In the wake of Mother's Day, popular blogger Prince Toddy English gives a different take on gay boys and their mamas. Toddy lives in Houston, Texas.
I AM NOT ashamed to let it be known that Mother's Day is not a holiday that I actively revel in, at all. As a matter of fact, while shopping for a Mother's Day card, I methodically selected a card that did not go out of it's way to say, "Oh you are the BEST mommy in DEE world!"
That would be a complete and total lie because mine was not.
My mother was extremely: selfish, emotionally abusive/unavailable, and a narcissist. While she had her moments of maternal: kindness, loving, and selflessness, they were few and far between (and when I grew up they were almost non-existent). She did not protect me from anything. She ignored me; and when I was acknowledged it was to mould me into something that was not me. Due to that I grew up with a multitude of issues (one being "best little boy in the world" syndrome) that I am in counselling for to this day.
Her idea of being a "good mother" was akin to being a good dog owner: feed it, shelter it, take it to the doctor, and play with it occasionally and voila... You get an exceptional pet. I never wanted for material things, at all. However, emotionally, she was more barren than the Sahara. That said...
Up until yesterday (and a few weeks ago, when my beloved Sir Ashton Winston Churchill went to the rainbow bridge) I have not spoken to nor seen my mother in nearly a year. It was for the best because there were so many feelings that I needed to process through. Whatever the case may be...
After allowing myself to hate her guts and mourn the childhood that she denied me I've finally come to terms with the fact that she will never be the type of parent that I needed her to be. She is, and was, completely incapable and ill equipped.
To that end I've finally acknowledged, to myself, that I don't owe her anything (especially not my life) just because she decided to give birth.
So the card I gave her simply said, "Dear mother, I will always love you no matter where I go."
Truth be told I do love my mom (in the sense of pitying her), but she was really fucked up (no way around it). Now, more than ever, in her own way she realizes that, because I see it in her actions towards me now.
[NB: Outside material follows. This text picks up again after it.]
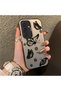 Samsung Galaxy S24 Compatible Plain Feel Case, Line Butterfly Daisy English Slogan Pattern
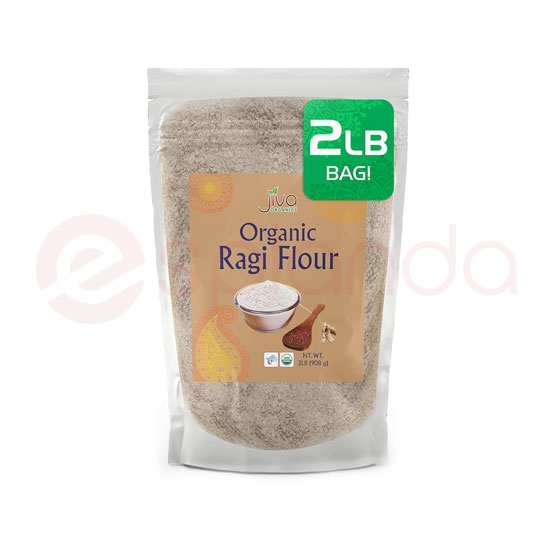 JIVA ORGANIC RAGI FLOUR: 2LB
Instead of using me as crutch or a little surrogate husband she is instead supporting me in my choices and decisions, in addition to showing me the affection that she should have ages ago. I guess she is, in her own way, trying to apologize without actually apologizing.
I think that is when I stopped hating her. Knowing that she is now trying helped me to achieve some sense of closure. I share all of this to say that...
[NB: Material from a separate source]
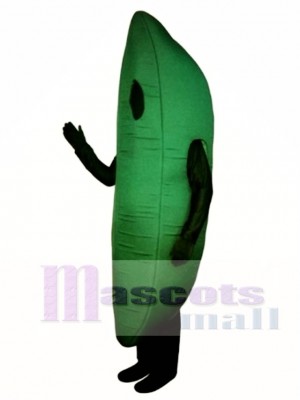 Green Bean Mascot Costume Vegetable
If you don't have a relationship with your mother, or even flat out hate her guts, that you should not feel guilty... Nor are you alone.
We are trained to just view motherhood as perfection personified. That is not true. Most of us are not fortunate enough to have that mother. Sometimes we get one that is emotionally bereft and it sucks.
For me, this Mother's Day was the best because I took the time to see my mother in totality, not as some super hero. She was messed up, but she is trying to make amends. So I just decided to meet her half way there.